Material to process >>
⁂
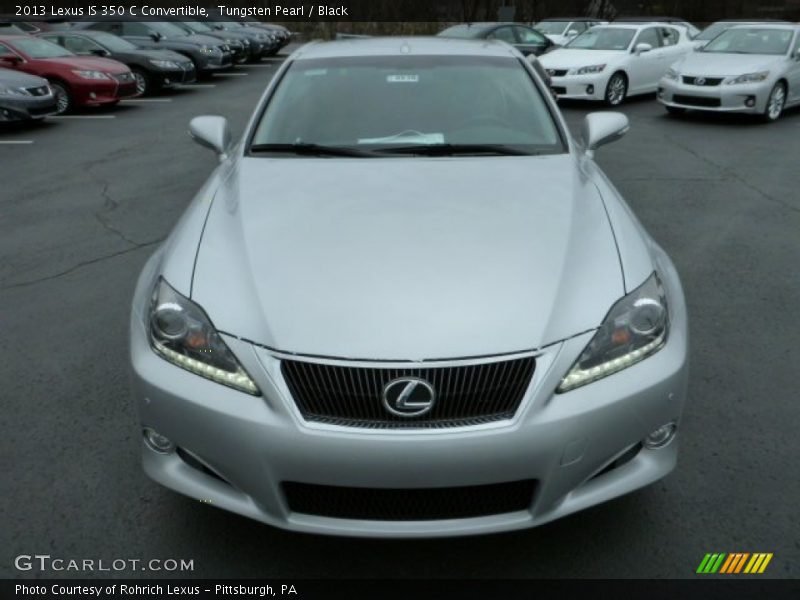 Tungsten Pearl / Black 2013 Lexus IS 350 C Convertible
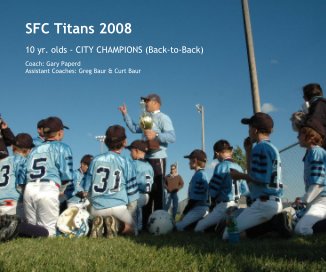 SFC Titans 2008 book cover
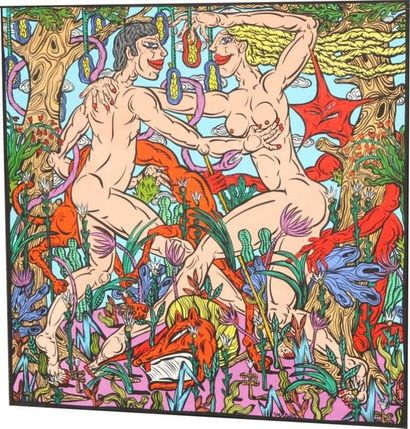 VERSUS (born 1963)

Adam and Eve

Acrylic...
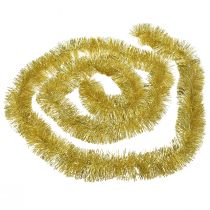 Product Glamorous Golden Tinsel Garland 270cm – Perfect for festive and elegant decorations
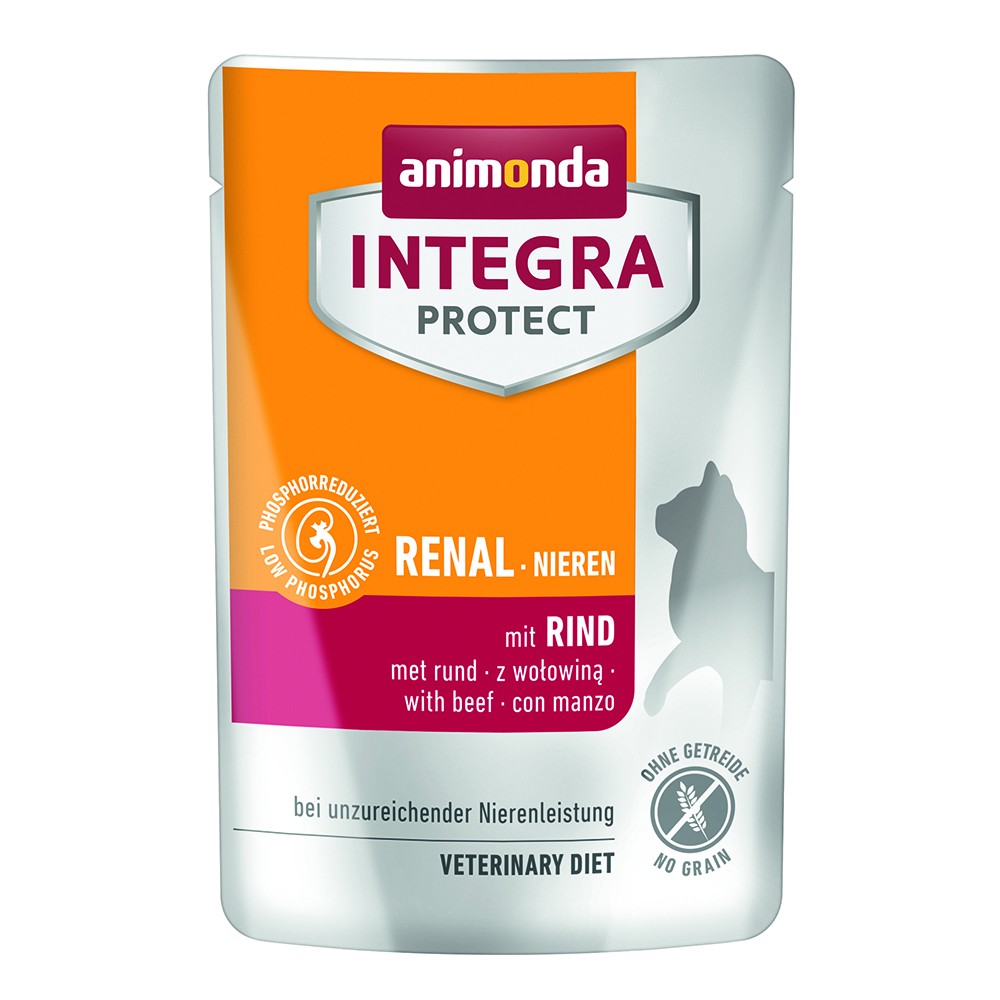ANIMONDA INTEGRA Renal Pouch Βοδινό (24x85gr)
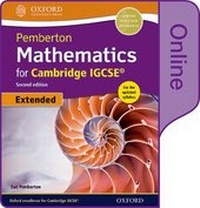 Enlarge image Cover: Pemberton Mathematics for Cambridge IGCSE (R) Online Student Book (Extended) - Oxford University Press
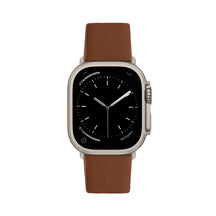 Apple Watch Ultra Leather Band Orange #color_tan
⁂
Instructions for the task >> Reproduce the lines from the line with "VERSUS (born 1963)" through the last line of the entries exactly, including both ends and excluding pictures.

Response box >>
 VERSUS (born 1963)

Adam and Eve

Acrylic...
 Product Glamorous Golden Tinsel Garland 270cm – Perfect for festive and elegant decorations
ANIMONDA INTEGRA Renal Pouch Βοδινό (24x85gr)
 Enlarge image Cover: Pemberton Mathematics for Cambridge IGCSE (R) Online Student Book (Extended) - Oxford University Press
 Apple Watch Ultra Leather Band Orange #color_tan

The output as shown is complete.